Court to decide on legality of “sales” & whether dispensary operators are entitled to a defense
By Kris Hermes | Published by Americans for Safe Access
Medical marijuana patient advocacy group Americans for Safe Access (ASA) today appealed the September 2010 conviction of San Diego dispensary operator Jovan Jackson in a case that has received widespread attention.
The case against Jackson has become a symbol of the effort by District Attorney Bonnie Dumanis and other prosecutors across the state to criminalize storefront collectives.
Due to state jurisprudence, California Attorney General Kamala Harris will now defend Jackson’s appeal rather than Dumanis, who originally tried him.

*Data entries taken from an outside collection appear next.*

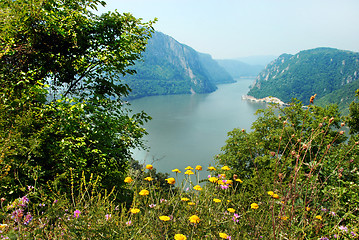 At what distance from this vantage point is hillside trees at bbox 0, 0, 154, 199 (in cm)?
521

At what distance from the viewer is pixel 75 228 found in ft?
6.67

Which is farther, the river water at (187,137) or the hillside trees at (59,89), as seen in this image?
the river water at (187,137)

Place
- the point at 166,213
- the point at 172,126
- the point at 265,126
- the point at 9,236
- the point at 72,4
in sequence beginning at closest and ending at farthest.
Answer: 1. the point at 9,236
2. the point at 166,213
3. the point at 72,4
4. the point at 265,126
5. the point at 172,126

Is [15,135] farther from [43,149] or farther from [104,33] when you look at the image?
[104,33]

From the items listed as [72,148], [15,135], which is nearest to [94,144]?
[72,148]

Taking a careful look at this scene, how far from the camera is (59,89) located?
26.3ft

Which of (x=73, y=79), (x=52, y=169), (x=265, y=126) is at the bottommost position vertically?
(x=265, y=126)

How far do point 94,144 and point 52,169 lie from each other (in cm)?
123

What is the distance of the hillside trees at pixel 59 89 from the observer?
5.21 metres

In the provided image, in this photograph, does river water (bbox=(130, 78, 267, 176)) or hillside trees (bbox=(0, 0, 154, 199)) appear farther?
river water (bbox=(130, 78, 267, 176))

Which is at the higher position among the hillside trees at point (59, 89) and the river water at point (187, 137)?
the hillside trees at point (59, 89)

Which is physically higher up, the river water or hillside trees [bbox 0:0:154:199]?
hillside trees [bbox 0:0:154:199]

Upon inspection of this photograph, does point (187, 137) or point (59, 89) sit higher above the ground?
point (59, 89)

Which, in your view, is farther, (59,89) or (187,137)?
(187,137)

The ASA appeal not only contests Jackson’s conviction and his denial of a defense, but it also challenges the prosecution’s assertion that “sales” of medical marijuana are illegal under state law.
“Jackson and other medical marijuana providers deserve a defense under the state’s medical marijuana laws and these are issues for a jury to decide,” said ASA Chief Counsel Joe Elford, who authored the appeal brief filed today. “The denial of Jackson’s defense was unfairly used to convict a medical marijuana provider who was in full compliance with state law.”
At Jackson’s trial, San Diego Superior Court Judge Howard Shore referred to medical marijuana as “dope,” and called California’s medical marijuana laws “a scam.”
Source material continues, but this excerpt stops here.